Corporations vs. Philanthropists: Who Does More Good for the World?

IBM and the Carnegie Corporation both turn 100 this month. Who has done more to help the world? (Great, and thoroughly unanswerable, question.) The Economist investigates.

The Case for Carnegie: The most important force public force for learning and education in the 20th century?

"The Carnegie Corporation's initial endowment was 27 times bigger than the annual federal government education budget; the much larger endowment of the Bill & Melinda Gates Foundation is about double the annual education budget of New York City."

"Institutions that benefited from his money range from the Carnegie Institute of Technology (now part of Carnegie-Mellon university) and the Brookings Institution to the National Academy of Sciences and the pension fund for university teachers now known as TIAA-Cref."

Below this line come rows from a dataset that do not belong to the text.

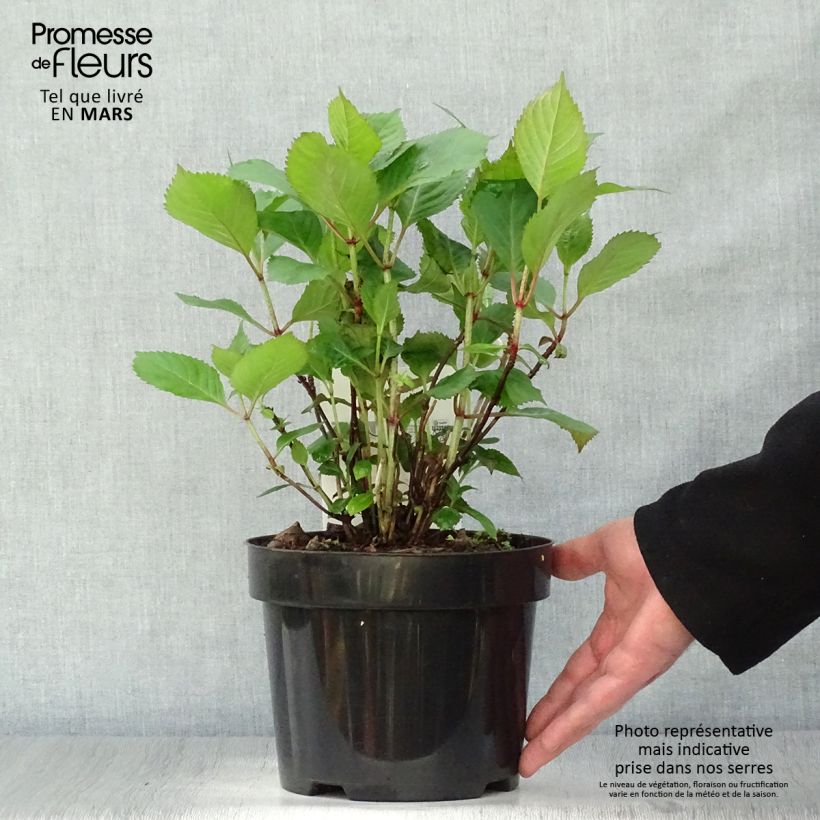 Example of Hydrangea serrata Precioza - Ortensia Vaso da 2L/3L as you get in printemps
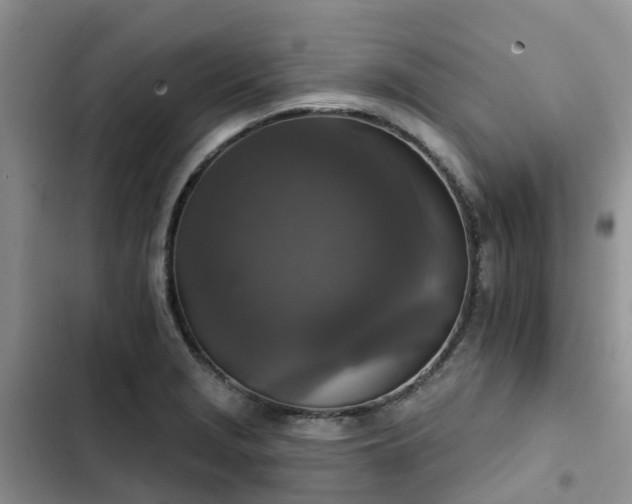 X0000102771229200808251044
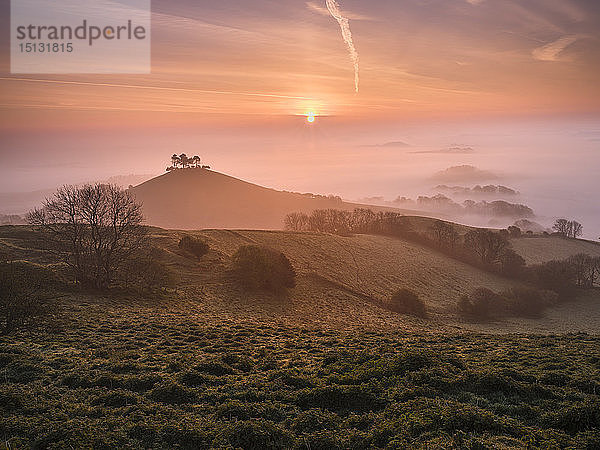 Nebliger Sonnenaufgang über dem markanten kiefernbestandenen Colmer's Hill bei Bridport  Dorset  England  Vereinigtes Königreich  Europa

The Case for IBM: The company that has employed millions of people in the last 100 years also made culture-changing innovations to retail, space exploration, and computing.

At one extreme, for instance, the benefits to society include the bar code, IBM's version of which became the standard. The firm also took part in such crucial national initiatives as America's space programme (a newly installed IBM system helped save the stricken Apollo 13). And at the other extreme it also helped form the minds of such future Nobel laureates as Benoît Mandelbrot, the pioneer of fractal geometry, and Gerd Binnig and Heinrich Rohrer, inventors of the scanning tunnelling microscope which let scientists see individual atoms.

IBM, like Carnegie, also did its bit for civil rights. In 1953 Thomas Watson junior, a similarly idealistic soon-to-be successor to his father, threatened to cancel plans for plants in Kentucky and North Carolina if they could not be fully racially integrated. After a stand-off, the state governors backed down, and the plants opened three years later.